Selma honors civil rights pioneers in Bloody Sunday commemoration

By WVUA 23 News Reporter Michaela Redmond

Thousands gathered at the Edmund Pettus Bridge in Selma Sunday, honoring the hundreds of peaceful civil rights demonstrators who wound up fighting for their lives on March 7, 1965.

On that fateful date, the protesters were met by members of law enforcement and their allies who beat protestors with clubs and let loose dogs, water guns and tear gas. Before it was over, 17 were hospitalized and dozens more were injured in what’s now known as Bloody Sunday.

But on March 6, 2022, those thousands gathered in celebration of how far we’ve come, and in remembrance of how it’s still not far enough. One way to change that is by ensuring more people vote, organizers said.

The Edmund Pettus Bridge is now a landmark for the Civil Rights Movement, and every year the event draws people from all over the U.S., including from the White House.

Alabama Democracy Centers Program Director Douglas Bonner has been coming to this event every year with his fraternity and started coming this year with Alabama Democracy Centers, too.

The organization helps inform Alabamians of legislative bills and state actions and statistics.

“The vote is the most important thing for us to cherish and a lot of people sacrificed for us to be able to vote,” said Bonner. “Everything in Selma is built around the right to vote.”

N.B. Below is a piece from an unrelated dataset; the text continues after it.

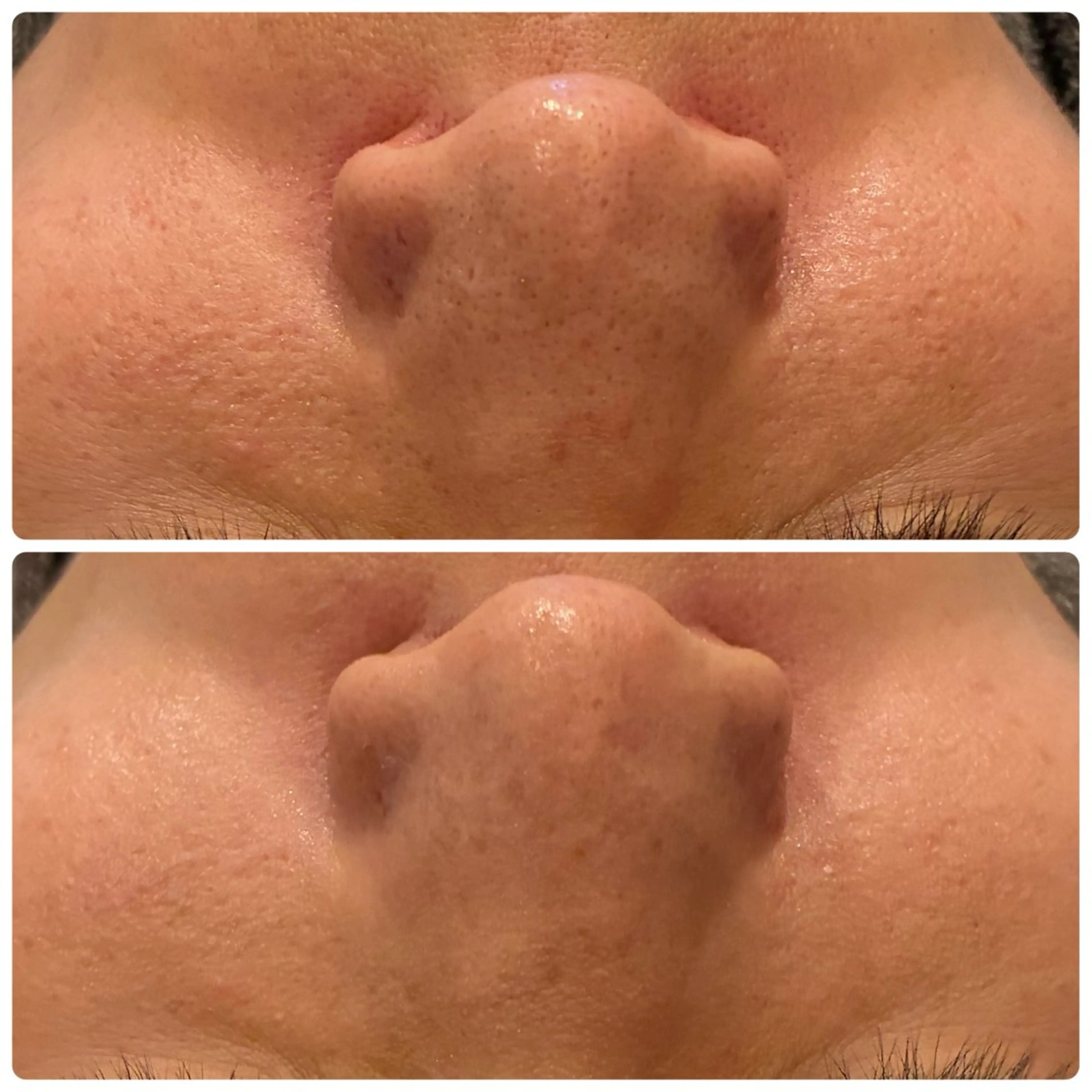 その他 yellow.所属・yellow💛【 脱毛&フェイシャル】のエステ・リラクイメージ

Bonner’s fraternity brother E.C. Rentz II has also been coming every year, and helped Bonner bring Alabama Democracy Centers to Selma.

Rentz said the most important reason to come is to continue to advocate for voting.

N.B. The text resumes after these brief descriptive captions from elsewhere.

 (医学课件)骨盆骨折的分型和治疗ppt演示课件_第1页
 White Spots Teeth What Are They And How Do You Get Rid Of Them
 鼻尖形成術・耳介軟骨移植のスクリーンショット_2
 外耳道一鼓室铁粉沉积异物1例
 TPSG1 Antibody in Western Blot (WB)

“We are re-acting the incident that occurred 57 years ago, in which folks were fighting for their voting rights,” said Rentz. “That fight still continues today.”

Motorcycle club the Buffalo Soldiers was also at the celebration, and they’ve got ties back to the original march.

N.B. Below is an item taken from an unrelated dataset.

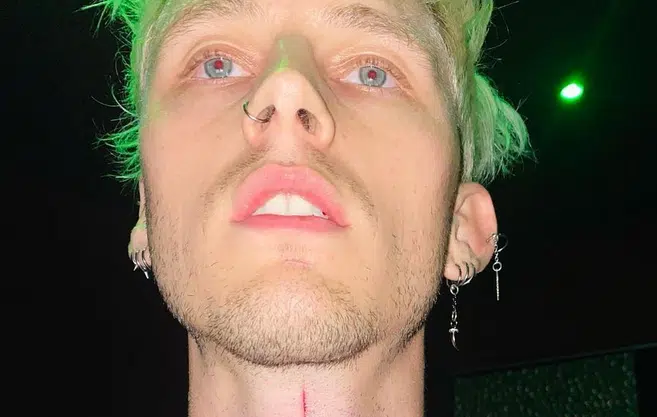 Machine Gun Kelly Gets an Extremely Realistic Neck Slit Tattoo [PIC]
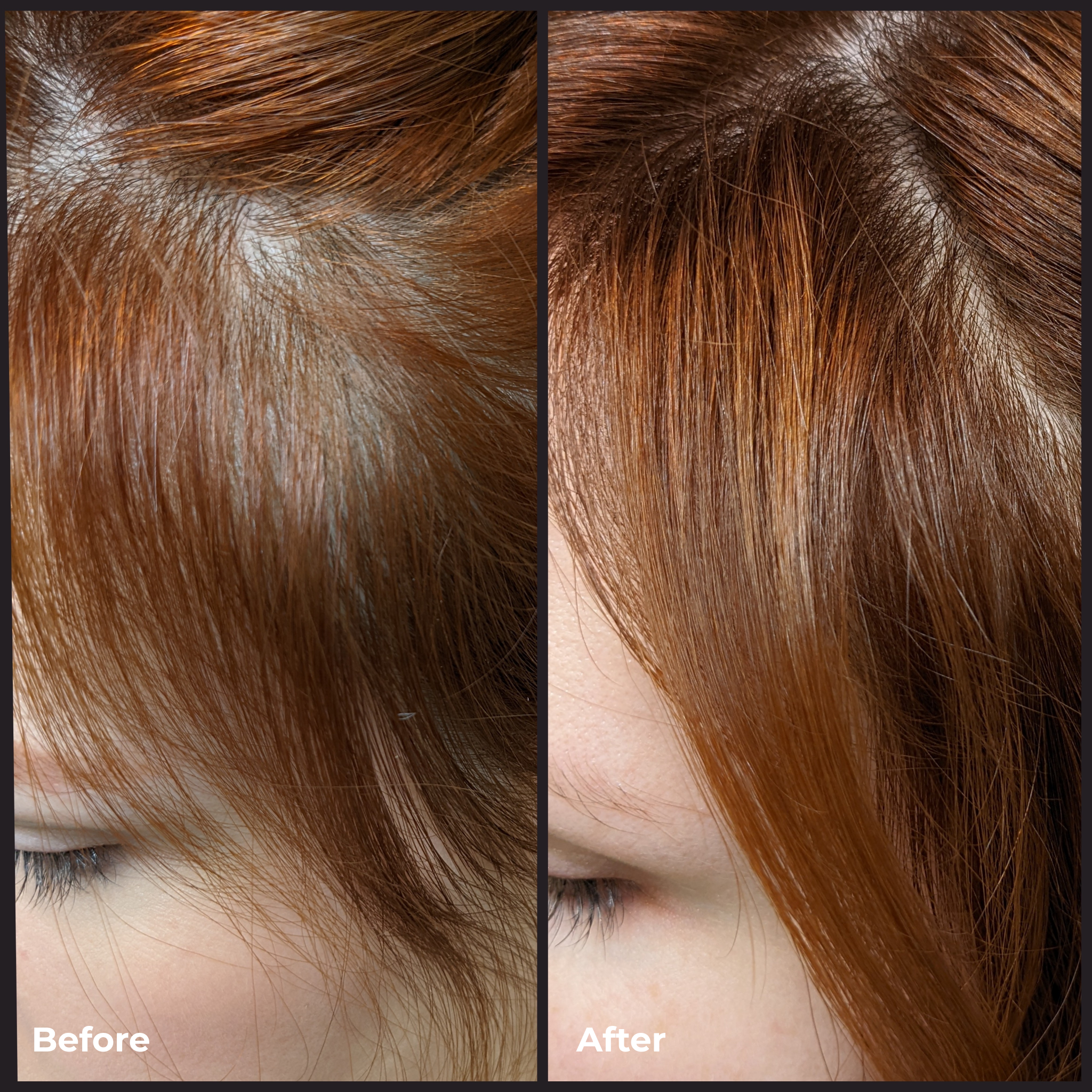 Better Roots RootBoost Serum - Hair Growth Treatment for Thicker, Fuller Hair | Natural & Organic Formula | Perfect for Thinning Hair & Scalp Health | Use Daily for Best Results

Everie Watson said that its only right that they come, since the club is based on the actual demonstrators and the name they use is the same one Native Americans gave the Selma protestors.

“This is just history, it’s just history,” said Watson. “It kind of emulates what we do as soldiers and we aren’t fighter but we emulate what they do.”

The bridge crossing happened at 4:30 p.m. with Vice President Kamala Harris at the forefront leading the march with civil rights pioneers.

Bonner said events like these help ensure more African Americans get signed up to vote.

“324,000 registered African Americans in the state of Alabama did not vote,” said Bonner. “Another 300,000 African Americans in the state of Alabama aren’t registered.”